日本で作業していると、納期が。。とか、こちらの都合で気持ちばかり焦ってしまうので、そんなときは特にインドが恋しくなります。
木版の仕事にたずさわっている地域は、ヒンドゥーを信仰している人が多いのですが、宗教の特徴のせいか町並みや居住が清貧で、昔の日本にタイムスリップしたような気分になるんです。それもインドへ行きたくなる理由のひとつかもしれません。」
――しかし、いきなりインドへ行くなんて、すごい決断でしたね。
「実は、なるべく飛行機に乗らない人生を送りたいと思っていたくらいなので、自分でも不思議な感じです。ただ服づくりをしていく上で、どうせなら本物を、布のルーツをもつインドへ、という思いはありました。見渡す限りの綿花畑は、圧巻の風景ですよ。」
(写真一番下)たんぽぽの生地をはじめ、カプワでは手紡ぎ手織りのカディコットンも多く使われています。正真正銘の手紡ぎなため、糸の太さが特徴的な布です。着たり洗うことを繰り返しながら太い糸が摩耗していき、柔らかく肌ざわりのよい風合いに。通気性にも優れています。

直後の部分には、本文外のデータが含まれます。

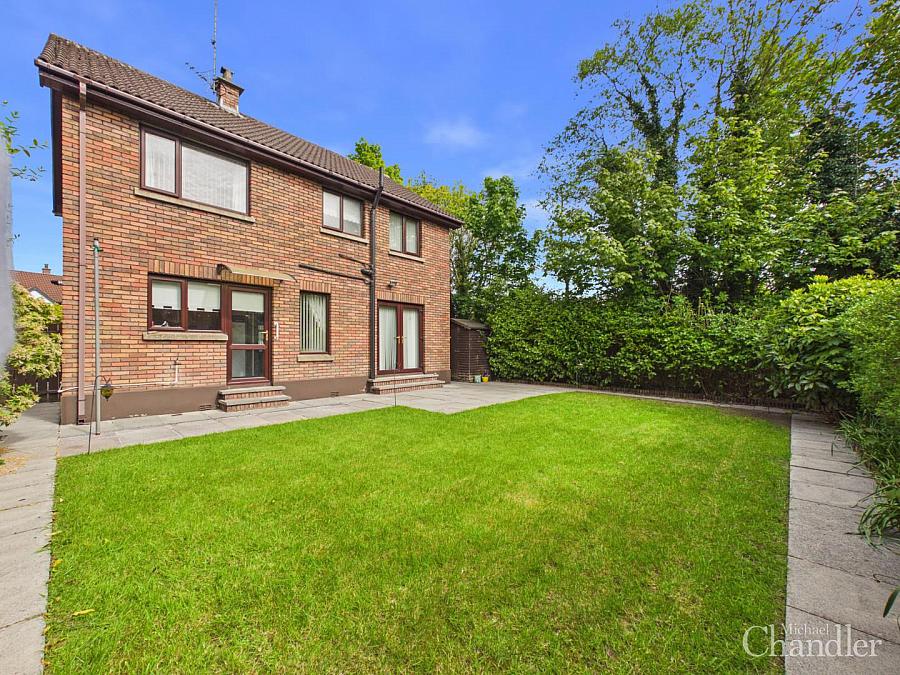 30 Beechwood Grove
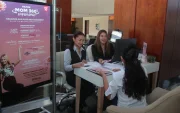 Una persona compra las entradas para la fiesta y comida que habrá en el Hilton Colón en Guayaquil, para celebrar el Día de la Madre.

「カディは使っていくほど風合いの違いが分かってくる布です。価格は高くなってしまいますが、綿が好きで、カプワの雰囲気も気に入った、という方にはぜひ、使用感をたのしんでほしいです。
インドはいろんな生地が豊富にありますし、高級な綿素材にも手が届くのは本場ならではの強みです。現地の人は本当にいいものを知っているので、柄と合う生地をとことん一緒に探して、みなさんにご紹介していきたいと思っています。」